Por lo tanto, todos estamos llamados a una ciudadanía activa para construir lazos sociales para el bien común; reconstruir siempre de nuevo el orden político y social, el tejido de las relaciones, el proyecto humano. Se trata de crear un espacio de corresponsabilidad capaz de iniciar y generar procesos y transformaciones. Debemos participar activamente en la rehabilitación y el apoyo de nuestras sociedades heridas. Esto significa manifestar nuestro ser hermanos y hermanas que asumen el dolor de los fracasos, en lugar de fomentar el odio y el resentimiento. Sólo hace falta el deseo de ser pueblo, de ser constante e incansable en el compromiso de incluir, de integrar, de levantar a los caídos.

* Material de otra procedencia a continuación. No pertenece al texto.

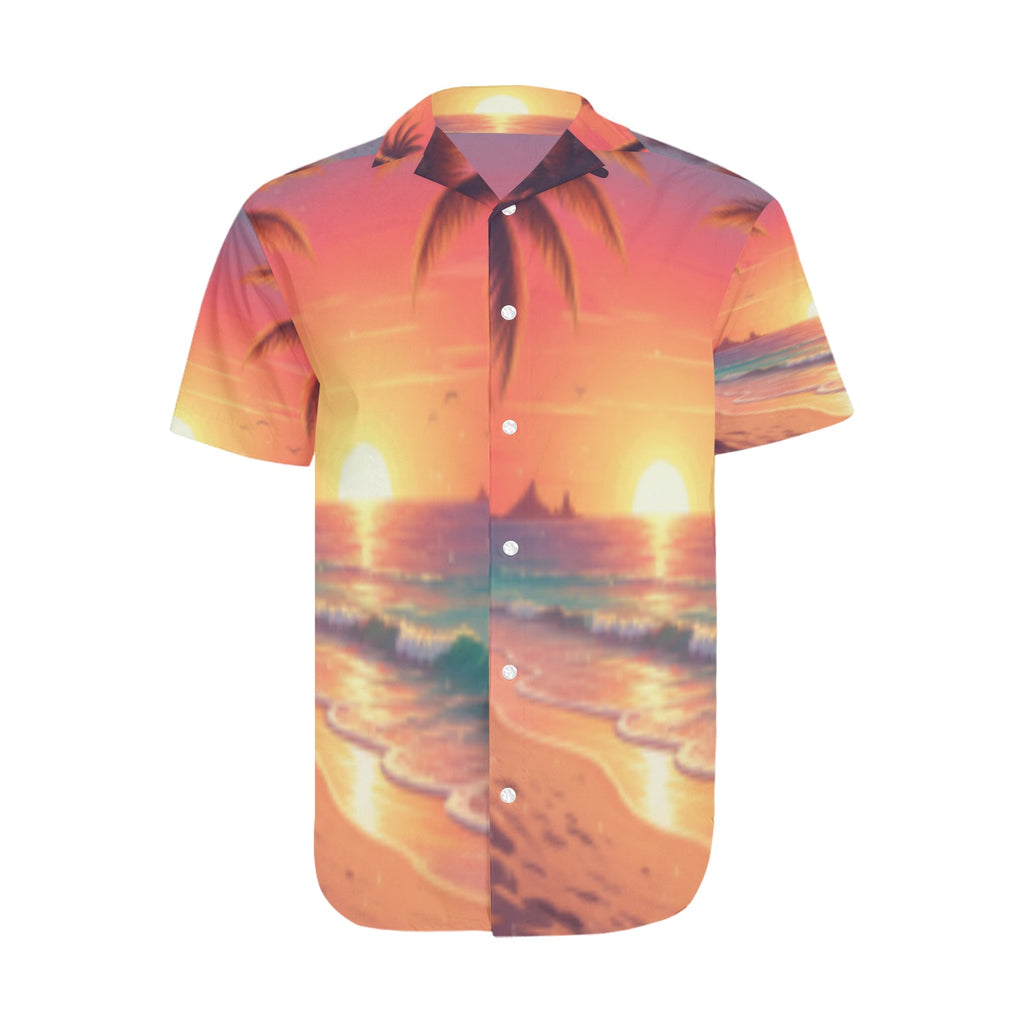 Sunrise Palm Men's Short Sleeve Shirt With Lapel Collar (Model T54)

En términos prácticos, es posible partir desde abajo y caso por caso, luchar por lo que es más concreto y local. Busquemos a los demás y hagámonos cargo de la realidad que nos pertenece, sin temer al dolor y a la impotencia, porque ahí está todo el bien que Dios ha sembrado en el corazón del ser humano. Las dificultades que parecen enormes son la oportunidad de crecer y no la excusa para la tristeza inerte que favorece la sumisión. Lo esencial no es actuar solo, individualmente, de forma aislada o fragmentada, sino hacerlo juntos y crecer como pueblo inclusivo.